The CTO Alternative: Are Fees the Real Enemy?
Many French investors now compare assurance-vie to CTO (Compte Titres Ordinaires, standard brokerage accounts) for pure investment purposes. The argument: why accept opaque funds and high fees when you can build a custom ETF portfolio for 0.2% annual costs?
A typical assurance-vie charges:
– 1-2% entry fees on contributions
– 0.6-1% annual management fees on euro funds
– 0.5-1% on unit-linked funds
Over 10 years, these fees can consume 15-25% of returns. In contrast, a self-managed CTO with low-cost ETFs keeps more money in your pocket.

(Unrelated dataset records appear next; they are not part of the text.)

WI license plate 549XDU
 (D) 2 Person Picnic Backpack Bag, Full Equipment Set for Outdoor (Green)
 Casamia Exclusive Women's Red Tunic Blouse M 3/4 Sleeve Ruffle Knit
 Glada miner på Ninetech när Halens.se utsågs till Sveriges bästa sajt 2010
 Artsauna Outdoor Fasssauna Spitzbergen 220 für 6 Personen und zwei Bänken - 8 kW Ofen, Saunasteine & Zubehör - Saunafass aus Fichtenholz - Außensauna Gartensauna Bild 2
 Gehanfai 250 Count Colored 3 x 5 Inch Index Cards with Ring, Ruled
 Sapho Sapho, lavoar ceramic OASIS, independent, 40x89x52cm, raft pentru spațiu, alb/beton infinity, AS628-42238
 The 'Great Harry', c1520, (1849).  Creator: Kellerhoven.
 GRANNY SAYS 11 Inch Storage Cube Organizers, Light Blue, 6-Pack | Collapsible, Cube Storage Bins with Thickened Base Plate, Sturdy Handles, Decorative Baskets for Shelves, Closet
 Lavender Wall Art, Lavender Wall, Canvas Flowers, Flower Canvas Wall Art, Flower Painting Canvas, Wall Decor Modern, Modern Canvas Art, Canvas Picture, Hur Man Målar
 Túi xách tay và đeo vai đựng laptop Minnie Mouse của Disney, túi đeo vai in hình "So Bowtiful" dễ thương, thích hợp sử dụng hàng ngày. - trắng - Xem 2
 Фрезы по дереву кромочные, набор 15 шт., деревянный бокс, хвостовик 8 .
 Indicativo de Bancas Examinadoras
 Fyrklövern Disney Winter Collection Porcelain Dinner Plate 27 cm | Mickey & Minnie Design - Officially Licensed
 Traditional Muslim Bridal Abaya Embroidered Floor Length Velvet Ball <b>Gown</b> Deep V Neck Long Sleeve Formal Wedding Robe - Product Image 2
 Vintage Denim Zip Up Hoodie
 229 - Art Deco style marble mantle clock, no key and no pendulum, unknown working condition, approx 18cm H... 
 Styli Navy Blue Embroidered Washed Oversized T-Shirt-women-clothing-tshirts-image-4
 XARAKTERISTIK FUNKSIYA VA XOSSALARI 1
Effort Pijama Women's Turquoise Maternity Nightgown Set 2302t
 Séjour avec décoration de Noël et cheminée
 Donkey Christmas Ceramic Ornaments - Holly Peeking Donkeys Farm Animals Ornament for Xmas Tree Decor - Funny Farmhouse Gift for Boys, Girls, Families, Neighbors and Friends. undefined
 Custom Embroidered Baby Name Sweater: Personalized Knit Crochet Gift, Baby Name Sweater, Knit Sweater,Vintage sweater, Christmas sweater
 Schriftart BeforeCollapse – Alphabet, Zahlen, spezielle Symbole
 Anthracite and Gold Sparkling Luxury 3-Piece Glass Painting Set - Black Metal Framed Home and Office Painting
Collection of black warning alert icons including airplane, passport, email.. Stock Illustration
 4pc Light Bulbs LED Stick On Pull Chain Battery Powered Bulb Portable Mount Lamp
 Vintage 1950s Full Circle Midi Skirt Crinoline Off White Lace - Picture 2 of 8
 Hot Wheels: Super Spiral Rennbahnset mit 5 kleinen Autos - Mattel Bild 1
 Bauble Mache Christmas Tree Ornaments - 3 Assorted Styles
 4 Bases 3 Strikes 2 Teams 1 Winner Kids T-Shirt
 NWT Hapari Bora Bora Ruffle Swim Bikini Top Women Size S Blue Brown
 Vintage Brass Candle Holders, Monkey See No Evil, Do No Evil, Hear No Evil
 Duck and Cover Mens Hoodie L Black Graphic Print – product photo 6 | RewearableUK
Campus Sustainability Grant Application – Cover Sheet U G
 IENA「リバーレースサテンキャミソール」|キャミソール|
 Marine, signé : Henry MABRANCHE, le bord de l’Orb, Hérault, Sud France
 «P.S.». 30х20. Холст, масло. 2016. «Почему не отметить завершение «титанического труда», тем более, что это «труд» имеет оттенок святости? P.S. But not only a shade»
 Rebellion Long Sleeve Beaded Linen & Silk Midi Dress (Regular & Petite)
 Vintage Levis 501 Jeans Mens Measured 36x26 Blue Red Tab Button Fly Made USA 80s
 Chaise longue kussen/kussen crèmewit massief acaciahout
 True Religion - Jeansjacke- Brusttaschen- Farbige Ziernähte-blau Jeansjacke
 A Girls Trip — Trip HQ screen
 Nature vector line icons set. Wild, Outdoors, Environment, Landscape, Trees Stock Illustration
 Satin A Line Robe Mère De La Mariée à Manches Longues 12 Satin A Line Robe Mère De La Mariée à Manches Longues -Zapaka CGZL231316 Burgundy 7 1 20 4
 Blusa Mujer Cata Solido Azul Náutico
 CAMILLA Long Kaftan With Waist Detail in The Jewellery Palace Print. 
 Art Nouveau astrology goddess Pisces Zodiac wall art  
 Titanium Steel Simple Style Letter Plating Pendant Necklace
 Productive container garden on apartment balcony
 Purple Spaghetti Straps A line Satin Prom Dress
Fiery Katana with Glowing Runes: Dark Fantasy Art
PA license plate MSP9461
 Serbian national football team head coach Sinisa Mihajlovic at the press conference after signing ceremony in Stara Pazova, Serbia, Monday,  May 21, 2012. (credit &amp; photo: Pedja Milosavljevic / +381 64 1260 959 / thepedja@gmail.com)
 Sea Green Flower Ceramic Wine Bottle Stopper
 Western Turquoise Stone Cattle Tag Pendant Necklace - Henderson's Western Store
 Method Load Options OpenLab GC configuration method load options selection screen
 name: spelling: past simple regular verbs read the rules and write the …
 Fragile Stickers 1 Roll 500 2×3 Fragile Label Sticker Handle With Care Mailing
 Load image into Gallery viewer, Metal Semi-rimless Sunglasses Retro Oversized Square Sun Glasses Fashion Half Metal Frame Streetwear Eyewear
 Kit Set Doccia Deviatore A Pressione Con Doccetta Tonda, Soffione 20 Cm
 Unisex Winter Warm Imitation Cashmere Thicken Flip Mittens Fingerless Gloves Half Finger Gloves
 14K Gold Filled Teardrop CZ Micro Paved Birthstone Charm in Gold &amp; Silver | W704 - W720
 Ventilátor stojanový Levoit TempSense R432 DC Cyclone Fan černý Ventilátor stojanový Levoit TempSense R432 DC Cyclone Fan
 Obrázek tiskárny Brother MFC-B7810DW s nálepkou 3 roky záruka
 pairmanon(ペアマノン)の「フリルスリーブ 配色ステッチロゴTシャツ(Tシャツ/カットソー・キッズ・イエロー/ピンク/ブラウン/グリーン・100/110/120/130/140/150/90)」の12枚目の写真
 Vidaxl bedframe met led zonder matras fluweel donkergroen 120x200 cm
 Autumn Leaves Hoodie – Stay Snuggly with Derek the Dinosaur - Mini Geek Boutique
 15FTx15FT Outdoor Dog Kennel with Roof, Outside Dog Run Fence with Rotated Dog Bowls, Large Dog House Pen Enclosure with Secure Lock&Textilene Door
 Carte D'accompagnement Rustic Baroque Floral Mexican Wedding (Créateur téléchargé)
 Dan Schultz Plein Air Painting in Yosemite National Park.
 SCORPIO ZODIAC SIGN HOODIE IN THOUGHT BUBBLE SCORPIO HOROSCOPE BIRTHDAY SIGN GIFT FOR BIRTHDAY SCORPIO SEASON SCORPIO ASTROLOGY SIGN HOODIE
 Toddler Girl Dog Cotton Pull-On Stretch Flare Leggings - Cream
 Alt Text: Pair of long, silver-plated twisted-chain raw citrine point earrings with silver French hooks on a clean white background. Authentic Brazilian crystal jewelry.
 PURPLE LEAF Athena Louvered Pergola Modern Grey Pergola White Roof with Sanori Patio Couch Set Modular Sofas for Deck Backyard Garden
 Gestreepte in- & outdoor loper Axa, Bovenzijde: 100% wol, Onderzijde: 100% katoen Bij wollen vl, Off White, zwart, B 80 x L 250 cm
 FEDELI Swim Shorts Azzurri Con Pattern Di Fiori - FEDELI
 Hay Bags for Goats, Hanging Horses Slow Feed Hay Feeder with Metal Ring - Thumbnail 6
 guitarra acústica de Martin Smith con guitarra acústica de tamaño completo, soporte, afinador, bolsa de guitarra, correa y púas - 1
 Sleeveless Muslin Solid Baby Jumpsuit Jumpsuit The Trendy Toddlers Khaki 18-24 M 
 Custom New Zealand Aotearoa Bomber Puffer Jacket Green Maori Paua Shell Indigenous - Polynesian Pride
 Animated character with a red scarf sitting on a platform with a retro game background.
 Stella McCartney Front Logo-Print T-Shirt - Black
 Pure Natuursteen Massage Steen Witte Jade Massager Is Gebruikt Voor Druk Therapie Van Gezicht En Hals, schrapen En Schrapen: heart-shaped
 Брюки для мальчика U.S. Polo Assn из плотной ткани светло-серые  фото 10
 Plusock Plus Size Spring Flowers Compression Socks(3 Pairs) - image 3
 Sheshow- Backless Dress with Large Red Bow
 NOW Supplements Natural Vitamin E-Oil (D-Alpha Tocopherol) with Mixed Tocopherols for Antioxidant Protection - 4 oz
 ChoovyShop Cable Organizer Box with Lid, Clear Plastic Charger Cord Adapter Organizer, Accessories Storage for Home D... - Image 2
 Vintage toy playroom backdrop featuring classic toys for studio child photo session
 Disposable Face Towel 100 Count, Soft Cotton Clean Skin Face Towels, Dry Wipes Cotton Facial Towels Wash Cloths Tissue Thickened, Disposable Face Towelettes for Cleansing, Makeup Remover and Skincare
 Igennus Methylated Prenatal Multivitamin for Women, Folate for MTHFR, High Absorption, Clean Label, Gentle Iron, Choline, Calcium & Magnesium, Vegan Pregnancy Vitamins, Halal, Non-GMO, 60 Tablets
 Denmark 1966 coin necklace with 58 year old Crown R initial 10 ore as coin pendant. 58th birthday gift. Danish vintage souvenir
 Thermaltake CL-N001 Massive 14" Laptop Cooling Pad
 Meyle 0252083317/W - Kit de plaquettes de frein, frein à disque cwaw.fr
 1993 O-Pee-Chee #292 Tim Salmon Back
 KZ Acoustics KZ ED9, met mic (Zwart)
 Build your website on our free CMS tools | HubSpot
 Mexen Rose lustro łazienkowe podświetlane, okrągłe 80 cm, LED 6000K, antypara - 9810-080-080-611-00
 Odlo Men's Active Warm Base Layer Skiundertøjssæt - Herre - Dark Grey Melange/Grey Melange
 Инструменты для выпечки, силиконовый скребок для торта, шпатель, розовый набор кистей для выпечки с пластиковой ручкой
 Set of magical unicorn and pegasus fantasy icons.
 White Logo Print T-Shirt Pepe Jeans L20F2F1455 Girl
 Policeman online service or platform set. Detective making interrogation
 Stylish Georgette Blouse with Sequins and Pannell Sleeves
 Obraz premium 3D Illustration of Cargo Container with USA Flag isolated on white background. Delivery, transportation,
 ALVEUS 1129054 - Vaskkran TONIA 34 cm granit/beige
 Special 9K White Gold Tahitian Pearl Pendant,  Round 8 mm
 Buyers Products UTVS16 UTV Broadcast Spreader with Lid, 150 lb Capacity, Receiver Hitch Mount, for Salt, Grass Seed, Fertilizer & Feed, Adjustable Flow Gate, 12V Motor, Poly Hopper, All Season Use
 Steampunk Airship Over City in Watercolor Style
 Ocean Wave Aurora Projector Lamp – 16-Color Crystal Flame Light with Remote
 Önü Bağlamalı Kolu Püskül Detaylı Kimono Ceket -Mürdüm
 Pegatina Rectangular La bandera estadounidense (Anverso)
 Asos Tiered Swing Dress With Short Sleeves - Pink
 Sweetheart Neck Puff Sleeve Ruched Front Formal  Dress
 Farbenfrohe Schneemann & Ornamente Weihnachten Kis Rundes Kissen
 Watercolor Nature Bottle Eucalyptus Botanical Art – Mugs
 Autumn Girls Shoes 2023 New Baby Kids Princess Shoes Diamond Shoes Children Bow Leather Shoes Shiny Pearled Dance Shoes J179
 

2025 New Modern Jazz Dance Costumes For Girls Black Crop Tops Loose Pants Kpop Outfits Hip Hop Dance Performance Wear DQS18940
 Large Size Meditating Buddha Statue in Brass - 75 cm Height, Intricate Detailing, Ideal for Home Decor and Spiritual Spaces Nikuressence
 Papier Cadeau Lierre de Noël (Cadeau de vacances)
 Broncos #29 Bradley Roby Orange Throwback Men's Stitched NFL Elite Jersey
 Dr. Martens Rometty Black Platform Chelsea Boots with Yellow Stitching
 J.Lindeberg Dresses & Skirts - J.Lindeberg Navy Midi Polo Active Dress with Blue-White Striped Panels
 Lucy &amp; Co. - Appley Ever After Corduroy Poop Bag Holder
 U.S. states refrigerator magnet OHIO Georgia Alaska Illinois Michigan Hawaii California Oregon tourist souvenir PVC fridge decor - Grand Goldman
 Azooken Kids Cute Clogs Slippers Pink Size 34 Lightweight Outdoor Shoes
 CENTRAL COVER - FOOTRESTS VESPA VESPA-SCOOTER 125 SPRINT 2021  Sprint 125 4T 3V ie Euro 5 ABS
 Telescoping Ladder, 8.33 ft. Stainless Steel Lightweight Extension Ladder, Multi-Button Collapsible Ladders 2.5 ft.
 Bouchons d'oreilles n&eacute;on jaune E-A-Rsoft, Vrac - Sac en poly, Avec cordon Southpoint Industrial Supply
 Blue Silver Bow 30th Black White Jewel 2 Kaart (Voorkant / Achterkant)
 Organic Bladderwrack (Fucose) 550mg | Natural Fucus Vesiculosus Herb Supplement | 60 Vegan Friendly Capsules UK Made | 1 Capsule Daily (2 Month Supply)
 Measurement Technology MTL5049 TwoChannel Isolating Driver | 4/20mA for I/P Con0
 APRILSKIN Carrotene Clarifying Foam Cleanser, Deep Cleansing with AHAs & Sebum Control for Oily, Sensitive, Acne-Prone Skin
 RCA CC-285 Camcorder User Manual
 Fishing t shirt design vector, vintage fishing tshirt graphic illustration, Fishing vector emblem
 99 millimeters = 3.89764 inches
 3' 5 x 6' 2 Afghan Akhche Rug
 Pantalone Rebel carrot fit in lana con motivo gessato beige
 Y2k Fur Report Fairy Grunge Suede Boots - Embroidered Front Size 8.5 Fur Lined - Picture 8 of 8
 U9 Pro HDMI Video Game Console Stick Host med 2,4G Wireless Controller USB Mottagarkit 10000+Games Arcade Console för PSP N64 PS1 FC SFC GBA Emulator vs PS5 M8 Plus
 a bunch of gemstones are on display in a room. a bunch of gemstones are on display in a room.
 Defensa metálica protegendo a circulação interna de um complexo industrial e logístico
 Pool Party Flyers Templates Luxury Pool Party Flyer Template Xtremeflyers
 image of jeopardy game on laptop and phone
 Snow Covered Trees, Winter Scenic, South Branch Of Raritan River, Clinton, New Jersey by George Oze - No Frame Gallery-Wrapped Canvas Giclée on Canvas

The trade-off: no capital guarantee, no tax advantages after eight years, and no estate planning benefits.
The performance and pitfalls of assurance-vie (life insurance) funds in France have become a hot topic among cost-conscious investors. Many are splitting strategies: using assurance-vie for the tax wrapper and guaranteed portion, while keeping aggressive growth assets in a CTO or PEA (Plan d’Épargne en Actions, the French tax-advantaged stock account).
Practical Implications: A Three-Tier Strategy
Given this landscape, French savers should consider a nuanced approach:
For the security bucket (0-5 year horizon): Euro funds remain attractive for capital preservation, but shop aggressively. The gap between top (4.1%) and bottom (2.1%) performers is widening. Prioritize insurers with strong reserve levels and transparent allocation policies. La France Mutualiste’s 3.5% rate, backed by direct real estate holdings and a 250%+ solvency ratio, offers a compelling combination of yield and safety.
For the growth bucket (5-15 years): Split between boosted euro funds (with minimum UC requirements) and diversified unit-linked funds. The surge in French ETF adoption and retail investor behavior shows that investors are getting smarter about costs. Consider insurers offering free arbitrage and low-cost ETF access.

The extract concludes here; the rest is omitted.